Backen mit Kleie sei eine handwerkliche Herausforderung, der Teig so dicht, dass es seine Verarbeitung erschwere. «Im Gaumen», sagt Marggi, «muss er dagegen luftig und leicht daherkommen.» Dafür sorge das vitalisierte Wasser, das sie dem Teig beimische. Ausserdem binde Kleie allein nicht, also komme ein Minimum an Weizenkleber-Eiweiss hinzu, gerade einmal zwei Prozent seien es aufs ganze Brot gesehen. Auf den Gluten-frei-Zug ist die Jungbäckerin also nicht aufgesprungen. «Bewusst nicht», sagt sie, «von Allergie-Themen lasse ich die Finger, da wird man nicht mehr fertig.» «Low Carb» hingegen schreibt sich die «gsund»-Bäckerin auf die Flagge, enthalten ihre Brote im Schnitt doch 60 Prozent weniger Kohlenhydrate als Konkurrenzprodukte. So hat sich Marggi denn auch auf zuckerfreie Brainfood-Snacks und Süssigkeiten spezialisiert und stellt nebenher auch Pizza, Nudeln oder Chips aus Haferkleie her. Ergänzend bietet sie eine Linie mit Urdinkel-Produkten an.

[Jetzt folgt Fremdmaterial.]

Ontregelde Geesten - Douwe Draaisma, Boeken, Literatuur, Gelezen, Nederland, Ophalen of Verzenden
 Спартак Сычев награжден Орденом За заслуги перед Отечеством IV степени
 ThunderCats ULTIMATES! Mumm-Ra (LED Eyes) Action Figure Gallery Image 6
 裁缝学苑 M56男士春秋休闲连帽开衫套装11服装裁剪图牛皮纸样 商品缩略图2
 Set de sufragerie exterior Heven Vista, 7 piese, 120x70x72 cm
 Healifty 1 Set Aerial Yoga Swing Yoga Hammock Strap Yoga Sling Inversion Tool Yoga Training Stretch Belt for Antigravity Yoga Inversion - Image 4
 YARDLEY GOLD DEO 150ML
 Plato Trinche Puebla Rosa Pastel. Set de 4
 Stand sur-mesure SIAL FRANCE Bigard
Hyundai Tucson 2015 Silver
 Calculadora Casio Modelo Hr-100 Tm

Brot mit Mehrwert, da ist Marggi überzeugt, wird auch in der Gastronomie immer mehr zum Thema. «Einerseits, weil der Konsument und Gast besser informiert ist und wissen will, was er isst», sagt sie, «andererseits geht es aber nicht nur um Inhaltsstoffe, sondern um Geschichten. Die Leute wollen Geschichten hören, und wer mit Lebensmitteln arbeitet, sollte eine zu erzählen haben.» Marggi beliefert bereits eine Handvoll Hoteliers und Gastronomen, und sie empfiehlt ihnen, zum Brot auf der Karte ein paar Worte zu verlieren, statt es als Nebensache zu betrachten. «Nehmen wir den gesundheitsbewussten Gast», sagt sie, «der wird sich freuen, wenn er das Brötchen zum Salatteller mit gutem Gewissen geniessen darf, eben etwa, weil es faserreich oder kohlenhydratarm ist. Der springende Punkt ist allerdings: Der Gast muss das wissen, sonst bringt jeglicher Mehrwert nichts – dem Betrieb zuallerletzt.»